-------- DATASET EXTRACT

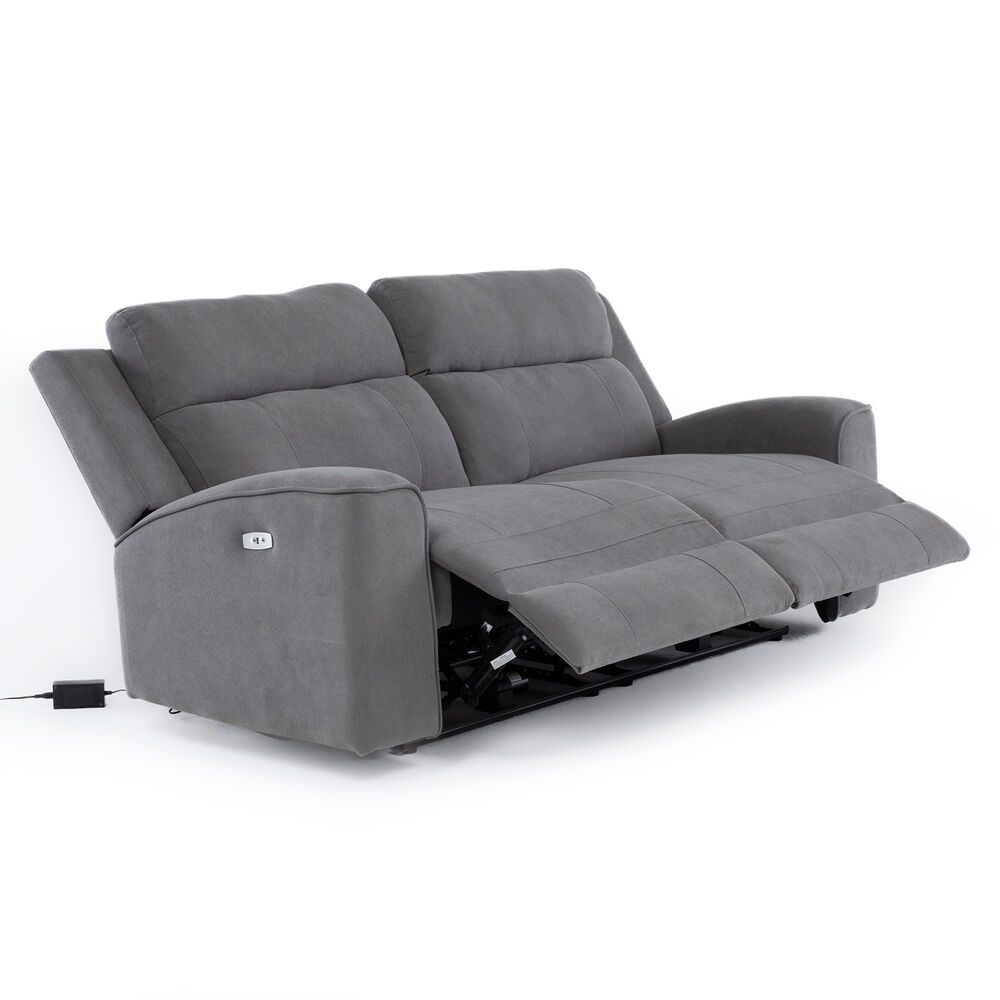 Sof&aacute; 2 Cuerpos Reclinable El&eacute;ctrico Gris Montana Km807spwgr image number 3.0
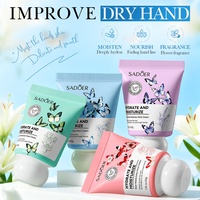 SADOER Crème Mains Hydratante et Régénérante Florale au Vaseline et Glycérine 30g*4 – Absorption Facile pour une Peau Nourrie en Automne et Hiver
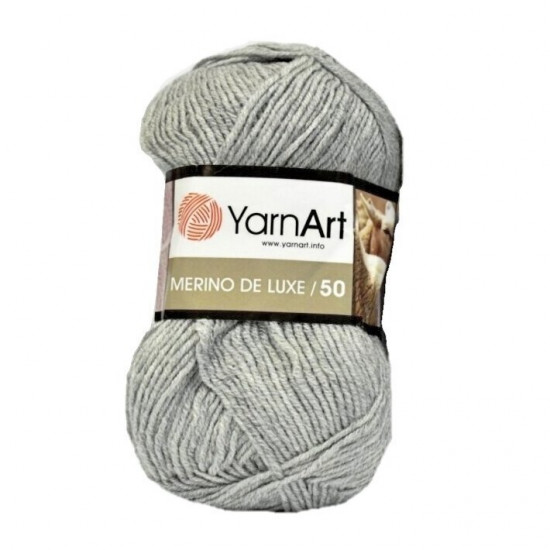 Пряжа YarnArt Merino De Luxe 50 0282-Світло-сірий
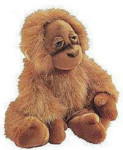 Bongo The Plush Orangutan - 14" - The Heartcraft Collection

----------------

- **ACTIVITY**:
Nothing but the pictures should be left out when the material above is copied.

- **ANSWER SPACE**:
 Sof&aacute; 2 Cuerpos Reclinable El&eacute;ctrico Gris Montana Km807spwgr image number 3.0
 SADOER Crème Mains Hydratante et Régénérante Florale au Vaseline et Glycérine 30g*4 – Absorption Facile pour une Peau Nourrie en Automne et Hiver
 Пряжа YarnArt Merino De Luxe 50 0282-Світло-сірий
 Bongo The Plush Orangutan - 14" - The Heartcraft Collection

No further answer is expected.